I eventually embarked on a workout routine, changed my eating habits, and lost the pudge, but I've had to kick myself out of a weight-gaining cycle plenty of times since. Now that my kids are 8 and 6, they aren't nearly as much work as they used to be -- but man, parenthood sure seems to have its diet-sabotaging downsides. For example, here are the top 7 'mom excuses' I've been battling since I gave birth:


I don't have enough time. Probably the most common excuse, and it's not like it's complete bullshit. Parenting is a 24/7 gig, especially when babies are involved. The only thing that can help push past this show-stopper is to embrace the fact that you'll have to make the time rather than find it. (I remember hopping around the living room to Turbo Jam DVDs while my second baby creaked back and forth in his swing. At least one of us was entertained.)

I'm too tired. Nothing makes you want to skip a workout and reach for the sugar like being wiped out. It's such a vicious circle: you're exhausted, you get sedentary and eat crappy foods, which results in you feeling even more exhausted. Add in the sleep deprivation and all-day vigilance that come with parenting very young children and it's no wonder some of us have trouble fitting back into our pre-pregnancy jeans. I've had to re-learn this lesson time and time again: exercising and eating well gives me TONS of energy and helps me sleep better at night too.

I'm too stressed. Exercise does wonders for stress. The problem is that motivation to wriggle into your sports bra tends to go AWOL when you feel weighted down with a thousand different chores, deadlines, appointments, and various kid-related worries.

I can't let that meal go to waste. The crust of a PB&J, the ignored half of a quesadilla triangle, a half-finished cookie? I can't just throw that away, can I? Well, I can if the alternative is paying cold hard cash -- since the results of being my kids' human garbage disposal for too long inevitably results in having to buy a larger clothing size.

I gave up everything else! By and large, parenthood means saying goodbye to a lot of freedom. When you have to enter into a partner negotiation to see who gets the extreme privilege of leaving the house alone, it's kind of hard to resist the urge to stuff your pie-hole with actual pie. Because late nights, illicit substances, trips to Aruba, and solo trips to the damn grocery store are a distant memory. ALL THAT'S LEFT ARE CARBS, DAMMIT.

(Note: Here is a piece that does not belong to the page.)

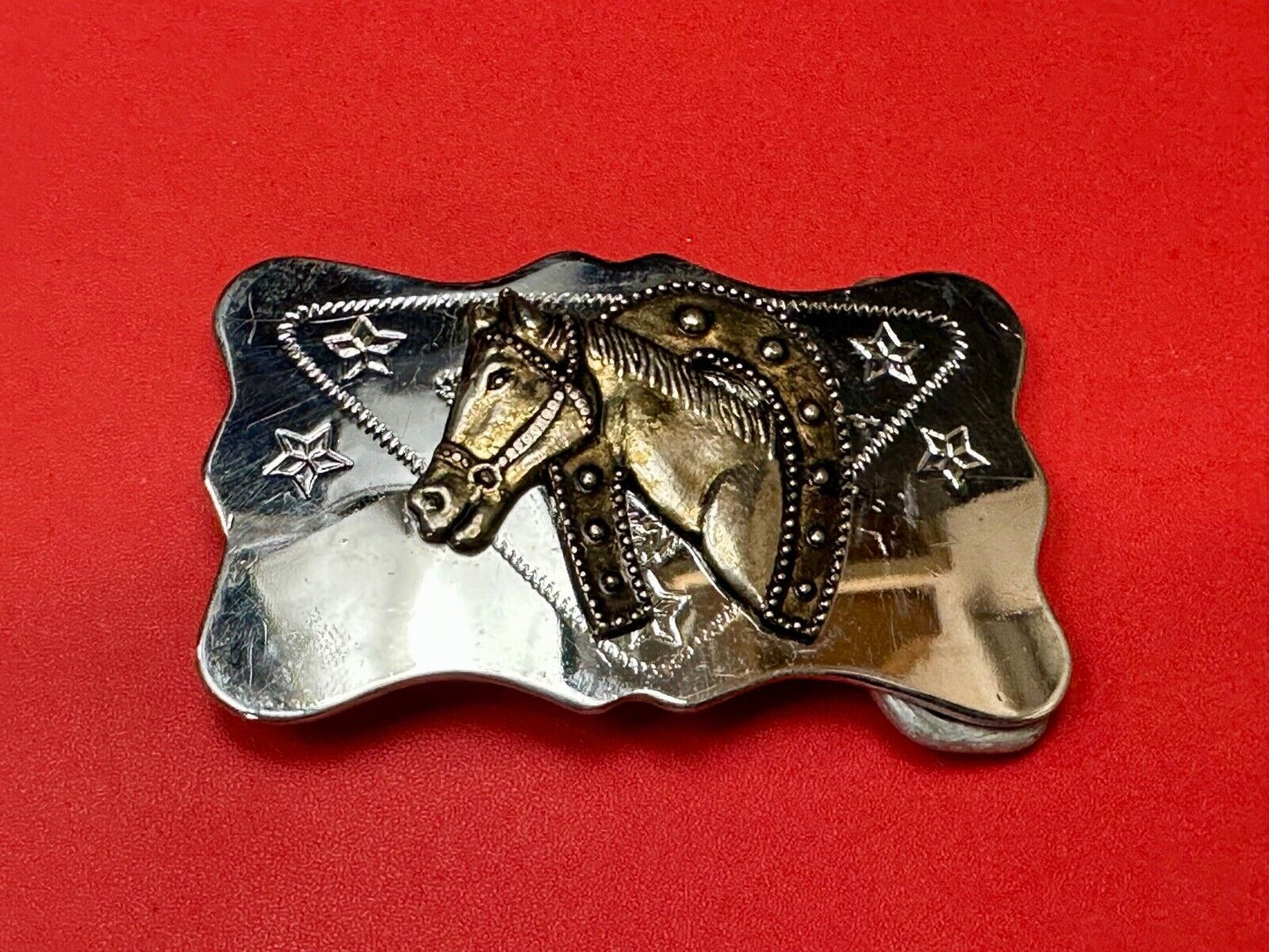 Vintage Horse head through horseshoe on reflective two tone belt buckle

I have all these fun food-related things I do with my kid. Let's bake cookies together! Let's go get ice cream cones! Let's make Sunday night sundaes! Let's see who has the metabolism of a hummingbird and whose belt suddenly ran out of notches!

I just finally put the kids to bed and OMG I need a reward for surviving the last 12 hours. Who hasn't used food in this way? And it's never, like, cauliflower, is it?

What parenting challenges can make it hard for you to stick to a fitness routine?